- **Exercise details**
The response must consist of the lines below from the one with "Vintage cake topper" through the one with "Box Braids Baseball", exactly as they appear and with both ends kept.

** Opening Extracted records block **

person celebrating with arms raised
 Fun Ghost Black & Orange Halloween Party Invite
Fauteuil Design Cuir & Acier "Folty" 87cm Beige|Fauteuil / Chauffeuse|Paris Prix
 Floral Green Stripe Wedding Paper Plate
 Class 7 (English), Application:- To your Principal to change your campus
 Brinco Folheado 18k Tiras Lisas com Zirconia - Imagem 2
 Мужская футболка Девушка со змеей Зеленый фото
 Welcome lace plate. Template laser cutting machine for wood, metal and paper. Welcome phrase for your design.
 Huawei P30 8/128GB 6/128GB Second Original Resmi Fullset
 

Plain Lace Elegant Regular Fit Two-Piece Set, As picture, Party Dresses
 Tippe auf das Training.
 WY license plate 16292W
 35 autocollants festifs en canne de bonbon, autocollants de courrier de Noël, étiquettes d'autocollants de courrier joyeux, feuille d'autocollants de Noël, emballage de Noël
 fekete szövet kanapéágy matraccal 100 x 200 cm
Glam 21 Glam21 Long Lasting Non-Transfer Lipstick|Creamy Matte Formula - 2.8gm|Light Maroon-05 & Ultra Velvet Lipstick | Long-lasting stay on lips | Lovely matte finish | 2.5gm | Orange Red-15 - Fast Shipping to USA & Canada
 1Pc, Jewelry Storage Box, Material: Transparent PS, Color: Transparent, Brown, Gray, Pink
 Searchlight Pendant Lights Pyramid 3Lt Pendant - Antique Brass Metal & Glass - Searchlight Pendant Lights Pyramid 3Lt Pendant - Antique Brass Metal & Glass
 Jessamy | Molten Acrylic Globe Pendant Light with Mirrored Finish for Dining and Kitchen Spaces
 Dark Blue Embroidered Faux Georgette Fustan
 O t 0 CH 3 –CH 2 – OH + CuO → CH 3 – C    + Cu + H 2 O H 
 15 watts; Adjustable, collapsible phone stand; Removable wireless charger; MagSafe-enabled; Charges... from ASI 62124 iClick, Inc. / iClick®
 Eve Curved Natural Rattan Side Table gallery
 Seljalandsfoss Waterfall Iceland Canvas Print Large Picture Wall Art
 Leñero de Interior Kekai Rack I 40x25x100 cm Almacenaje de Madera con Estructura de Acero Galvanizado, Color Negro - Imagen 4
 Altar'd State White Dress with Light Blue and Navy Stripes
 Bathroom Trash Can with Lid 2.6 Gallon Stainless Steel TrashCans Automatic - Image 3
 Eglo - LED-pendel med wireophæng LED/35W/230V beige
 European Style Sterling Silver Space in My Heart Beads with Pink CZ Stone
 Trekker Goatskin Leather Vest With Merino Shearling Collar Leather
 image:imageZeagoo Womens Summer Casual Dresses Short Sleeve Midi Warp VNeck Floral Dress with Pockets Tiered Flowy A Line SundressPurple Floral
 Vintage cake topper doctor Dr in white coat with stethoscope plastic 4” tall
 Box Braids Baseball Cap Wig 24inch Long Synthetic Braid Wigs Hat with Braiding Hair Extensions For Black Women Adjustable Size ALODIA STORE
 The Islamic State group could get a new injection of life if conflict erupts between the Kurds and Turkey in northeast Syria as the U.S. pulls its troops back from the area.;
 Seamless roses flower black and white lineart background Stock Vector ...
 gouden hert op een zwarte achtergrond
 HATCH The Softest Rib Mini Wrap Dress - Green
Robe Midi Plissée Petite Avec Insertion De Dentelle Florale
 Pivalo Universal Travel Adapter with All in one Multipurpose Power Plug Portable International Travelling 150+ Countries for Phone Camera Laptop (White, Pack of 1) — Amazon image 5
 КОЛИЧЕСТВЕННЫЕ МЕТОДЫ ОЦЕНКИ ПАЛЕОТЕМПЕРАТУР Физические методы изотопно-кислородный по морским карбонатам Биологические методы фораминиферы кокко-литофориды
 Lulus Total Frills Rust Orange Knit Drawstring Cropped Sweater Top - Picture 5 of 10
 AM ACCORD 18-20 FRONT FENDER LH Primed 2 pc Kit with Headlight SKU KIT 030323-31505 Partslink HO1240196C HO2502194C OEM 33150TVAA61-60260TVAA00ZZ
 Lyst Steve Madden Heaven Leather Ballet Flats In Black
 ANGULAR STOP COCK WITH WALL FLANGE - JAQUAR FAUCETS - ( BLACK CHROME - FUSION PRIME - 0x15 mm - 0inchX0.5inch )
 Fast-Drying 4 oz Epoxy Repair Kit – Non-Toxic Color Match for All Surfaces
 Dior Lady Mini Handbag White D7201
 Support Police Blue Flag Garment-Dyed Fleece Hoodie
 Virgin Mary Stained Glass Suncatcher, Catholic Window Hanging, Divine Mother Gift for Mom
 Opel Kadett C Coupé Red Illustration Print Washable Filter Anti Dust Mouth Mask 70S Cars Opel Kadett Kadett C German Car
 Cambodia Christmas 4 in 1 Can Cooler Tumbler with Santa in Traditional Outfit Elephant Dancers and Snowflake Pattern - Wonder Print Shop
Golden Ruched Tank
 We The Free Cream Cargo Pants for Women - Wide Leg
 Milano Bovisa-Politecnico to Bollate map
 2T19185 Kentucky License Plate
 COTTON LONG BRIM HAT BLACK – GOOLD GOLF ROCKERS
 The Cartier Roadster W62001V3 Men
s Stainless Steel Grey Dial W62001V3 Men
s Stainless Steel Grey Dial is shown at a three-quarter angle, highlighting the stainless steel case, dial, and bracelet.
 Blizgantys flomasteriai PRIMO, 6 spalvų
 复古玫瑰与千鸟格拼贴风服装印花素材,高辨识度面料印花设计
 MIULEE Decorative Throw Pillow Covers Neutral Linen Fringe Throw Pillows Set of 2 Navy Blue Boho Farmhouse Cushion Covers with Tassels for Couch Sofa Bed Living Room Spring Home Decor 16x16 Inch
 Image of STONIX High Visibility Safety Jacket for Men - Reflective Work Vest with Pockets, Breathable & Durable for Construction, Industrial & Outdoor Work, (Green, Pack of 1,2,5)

** Closing Extracted records block **

- **Result of this task**
 Vintage cake topper doctor Dr in white coat with stethoscope plastic 4” tall
 Box Braids Baseball Cap Wig 24inch Long Synthetic Braid Wigs Hat with Braiding Hair Extensions For Black Women Adjustable Size ALODIA STORE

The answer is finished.